## [What you will do]
Pull every line with the word "rent" out of the entries below.

Short web captions
== Segment start ==

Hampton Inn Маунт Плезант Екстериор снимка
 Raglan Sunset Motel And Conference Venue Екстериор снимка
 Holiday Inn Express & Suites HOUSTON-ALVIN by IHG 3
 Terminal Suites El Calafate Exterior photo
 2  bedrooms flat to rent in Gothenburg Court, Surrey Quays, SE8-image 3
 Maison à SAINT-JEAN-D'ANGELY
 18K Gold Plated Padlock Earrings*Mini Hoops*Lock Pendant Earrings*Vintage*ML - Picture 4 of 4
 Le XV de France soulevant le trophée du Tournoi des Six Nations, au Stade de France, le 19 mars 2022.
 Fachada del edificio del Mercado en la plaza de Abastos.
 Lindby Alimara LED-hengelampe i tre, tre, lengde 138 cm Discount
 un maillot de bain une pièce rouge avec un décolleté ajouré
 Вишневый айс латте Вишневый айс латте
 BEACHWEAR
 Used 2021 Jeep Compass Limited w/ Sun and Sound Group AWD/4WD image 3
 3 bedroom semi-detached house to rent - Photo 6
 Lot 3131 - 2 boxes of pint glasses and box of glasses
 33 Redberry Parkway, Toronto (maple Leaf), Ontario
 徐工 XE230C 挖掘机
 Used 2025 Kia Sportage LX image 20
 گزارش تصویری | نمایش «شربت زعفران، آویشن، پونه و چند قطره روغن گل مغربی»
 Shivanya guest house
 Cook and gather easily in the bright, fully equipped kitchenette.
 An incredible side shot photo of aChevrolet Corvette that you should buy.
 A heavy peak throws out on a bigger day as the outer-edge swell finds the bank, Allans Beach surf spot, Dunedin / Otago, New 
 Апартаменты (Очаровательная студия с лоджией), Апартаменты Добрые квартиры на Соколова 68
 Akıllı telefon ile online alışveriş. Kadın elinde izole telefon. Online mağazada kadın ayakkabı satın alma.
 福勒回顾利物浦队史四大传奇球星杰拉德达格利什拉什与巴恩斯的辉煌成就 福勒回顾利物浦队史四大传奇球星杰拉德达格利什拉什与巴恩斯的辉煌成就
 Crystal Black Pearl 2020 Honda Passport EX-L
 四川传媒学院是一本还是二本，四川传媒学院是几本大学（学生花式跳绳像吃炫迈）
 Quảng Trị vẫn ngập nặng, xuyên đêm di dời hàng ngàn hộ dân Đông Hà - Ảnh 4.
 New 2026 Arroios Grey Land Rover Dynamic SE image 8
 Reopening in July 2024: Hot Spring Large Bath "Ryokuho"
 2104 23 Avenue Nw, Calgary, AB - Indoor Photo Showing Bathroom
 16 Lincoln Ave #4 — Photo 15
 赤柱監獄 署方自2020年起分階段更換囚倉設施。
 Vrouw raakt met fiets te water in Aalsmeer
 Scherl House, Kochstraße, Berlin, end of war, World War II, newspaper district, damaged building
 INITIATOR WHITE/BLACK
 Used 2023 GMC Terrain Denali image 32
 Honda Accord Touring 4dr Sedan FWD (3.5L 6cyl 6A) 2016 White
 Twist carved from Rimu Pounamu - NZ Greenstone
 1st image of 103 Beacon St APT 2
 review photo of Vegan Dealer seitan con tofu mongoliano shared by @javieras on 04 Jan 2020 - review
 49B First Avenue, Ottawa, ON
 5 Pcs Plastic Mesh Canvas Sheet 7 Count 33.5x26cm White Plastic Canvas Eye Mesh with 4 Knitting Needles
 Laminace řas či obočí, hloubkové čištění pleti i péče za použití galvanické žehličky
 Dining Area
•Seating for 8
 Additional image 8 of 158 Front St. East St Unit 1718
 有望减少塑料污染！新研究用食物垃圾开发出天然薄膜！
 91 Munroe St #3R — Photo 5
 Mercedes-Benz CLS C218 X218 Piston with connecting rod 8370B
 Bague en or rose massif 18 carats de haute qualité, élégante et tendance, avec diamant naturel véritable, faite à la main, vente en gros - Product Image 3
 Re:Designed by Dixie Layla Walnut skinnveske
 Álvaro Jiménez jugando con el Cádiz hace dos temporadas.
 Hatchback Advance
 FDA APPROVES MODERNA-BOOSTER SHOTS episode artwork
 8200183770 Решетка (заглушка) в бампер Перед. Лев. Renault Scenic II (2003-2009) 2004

== Segment end ==

## [Worked solution]
 2  bedrooms flat to rent in Gothenburg Court, Surrey Quays, SE8-image 3
 3 bedroom semi-detached house to rent - Photo 6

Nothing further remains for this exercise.